Inflation fight winds down

Fed sees lower rates in 2024 as inflation fight winds down

The forecast is another hopeful sign that the U.S. economy might conquer inflation without a recession or a sharp rise in joblessness.

By VICTORIA GUIDA

Federal Reserve officials on Wednesday suggested that victory over inflation is within sight, signaling that they are likely done raising interest rates and that borrowing costs will go down somewhat next year.

Members of the central bank’s rate-setting committee agreed to hold their main policy rate steady in their last vote of the year, a reflection of mounting data showing that price spikes continue to cool. In a sign of growing optimism that inflation is largely under control, Fed policymakers even went as far as penciling in three rate cuts for 2024.
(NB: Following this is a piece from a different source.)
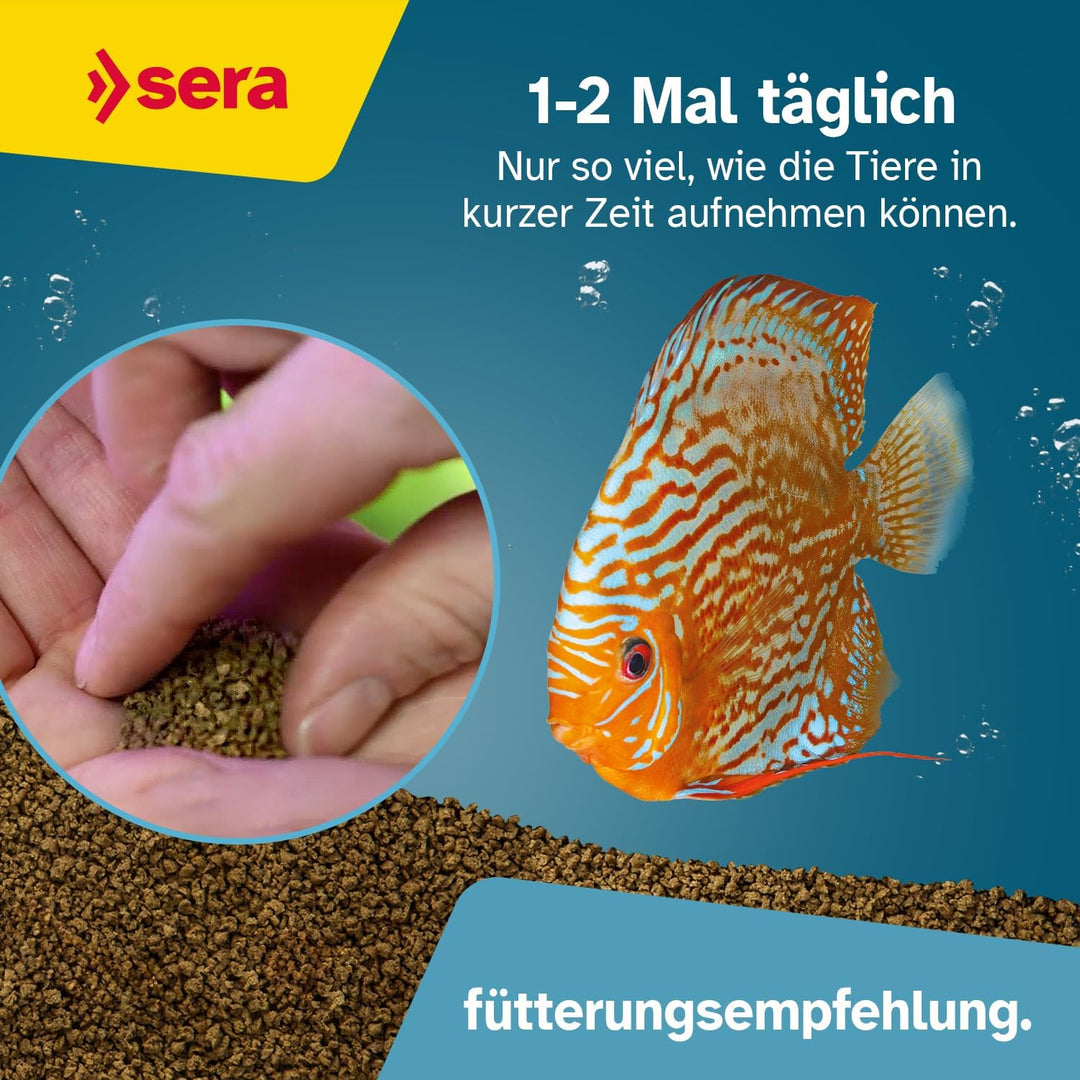 sera Discus Granulat Nature 10 L (4,2 kg) - Hauptfutter für alle Diskusfische, Futter für Diskus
The Fed’s preferred inflation gauge rose 3 percent over the 12 months ending in October, and officials projected it would fall to 2.8 percent by the end of the year, inching closer to their 2 percent target.

Fed Chair Jerome Powell told reporters in a press conference after the decision that he said he and his fellow officials don’t expect to need to raise borrowing costs more but “don’t take that possibility off the table.”

“The lower inflation readings over the past several months are welcome, but we will need to see further evidence to build confidence that inflation is moving down sustainably toward our goal,” he said.

The move is another hopeful sign that the U.S. economy might conquer inflation without a recession or a sharp rise in joblessness, a potential boon to President Joe Biden as he seeks reelection.

Asked about the possibility of a recession and much higher unemployment, Powell said: “That’s not something we’re hoping to see, obviously.” In contrast, more than a year ago, the Fed chief warned of “pain” that would likely be inflicted on the economy.

Still, holding rates at punishing levels will continue to bite into economic activity. As inflation has fallen, investors have speculated intensely on when the central bank might begin to lower rates from their current setting, designed to actively slow the economy in an effort to tame rising prices.

Powell himself acknowledged rate cuts would come before the Fed reaches its 2 percent target to avoid unnecessarily tanking the economy. He said the institution was aware of the risks of keeping rates too high for too long, adding: “We’re very focused on not making that mistake.” But Fed officials want to feel confident that inflation is on its way back to 2 before they ease off.

In new projections released Wednesday, Fed policymakers said they expect to lower rates next year. The committee was split on how much they might need to cut, with the majority expecting their main policy rate to end 2024 somewhere between a half a percentage point and a full percentage point lower than where it is now. That rate is currently set between 5.25 percent and 5.5 percent.

Fed officials also expect joblessness to rise slightly to 4.1 percent next year from 3.7 percent, where it stands now, though that would still be a very low unemployment rate by historical standards.

They also see their preferred inflation measure, the personal consumption expenditure index, falling to 2.4 percent next year.

“I welcome the progress” so far, Powell said. “I’m not calling into question the progress. We just need to see more.”